Bank Loans Risk Many of the risks associated with bank loans are similar to the risks of investing in below investment grade debt securities. Changes in the financial condition of the borrower or economic conditions or other circumstances may reduce the capacity of the borrower to make principal and interest payments on such instruments and may lead to defaults. Senior secured bank loans are typically supported by collateral; however the value of the collateral may be insufficient to cover the amount owed to the Fund, or the Fund may be prevented or delayed from realizing on the collateral. Some loans may be unsecured; unsecured loans generally present a greater risk of loss to the Fund if the issuer defaults. If the Fund relies on a third party to administer a loan, the Fund is subject to the risk that the third party will fail to perform its obligations. In addition, if the Fund holds only a participation interest in a loan made by a third party, the Fund’s receipt of payments on the loan will depend on the third party’s willingness and ability to make those payments to the Fund. The settlement time for certain loans is longer than the settlement time for many other types of investments, and the Fund may not receive the
payment for a loan sold by it until well after the sale; that cash would be unavailable for payment of redemption proceeds or for reinvestment. Interests in some bank loans may not be readily marketable and may be subject to restrictions on resale. In some cases, negotiations involved in disposing of indebtedness may require weeks to complete. Consequently, some indebtedness may be difficult or impossible to dispose of readily at what the Fund believes to be a fair price. Some loans may not be considered “securities” for certain purposes under the federal securities laws, and purchasers, such as the Fund, therefore may not be entitled to rely on the anti-fraud protections of the federal securities laws.

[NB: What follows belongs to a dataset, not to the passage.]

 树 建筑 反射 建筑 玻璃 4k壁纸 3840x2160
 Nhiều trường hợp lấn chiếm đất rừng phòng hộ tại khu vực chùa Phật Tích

Below Investment Grade Debt Securities Risk Below investment grade debt securities, commonly known as “junk” or “high yield” bonds, have speculative characteristics and involve greater volatility of price and yield, greater risk of loss of principal and interest, and generally reflect a greater possibility of an adverse change in financial condition that could affect an issuer’s ability to honor its obligations.
Credit Risk Credit risk is the risk that an issuer, guarantor, or liquidity provider of a fixed income security held by the Fund may be unable or unwilling, or may be perceived (whether by market participants, ratings agencies, pricing services or otherwise) as unable or unwilling, to make timely principal and/or interest payments, or to otherwise honor its obligations. The Fund may also be exposed to the credit risk of its counterparty to repurchase agreements, reverse repurchase agreements, swap transactions, and other derivatives transactions, and to the counterparty’s ability or willingness to perform in accordance with the terms of the transaction. The value of such transactions to the Fund will depend on the willingness and ability of the counterparty to perform its obligations, including among other things the obligation to return collateral or margin to the Fund. If a counterparty becomes bankrupt or otherwise fails to perform its obligations under a derivative contract due to financial difficulties, the Fund may experience significant delays in obtaining any recovery under the derivative contract in a bankruptcy or other reorganization proceeding. The Fund may obtain only a limited recovery or may obtain no recovery in such circumstances.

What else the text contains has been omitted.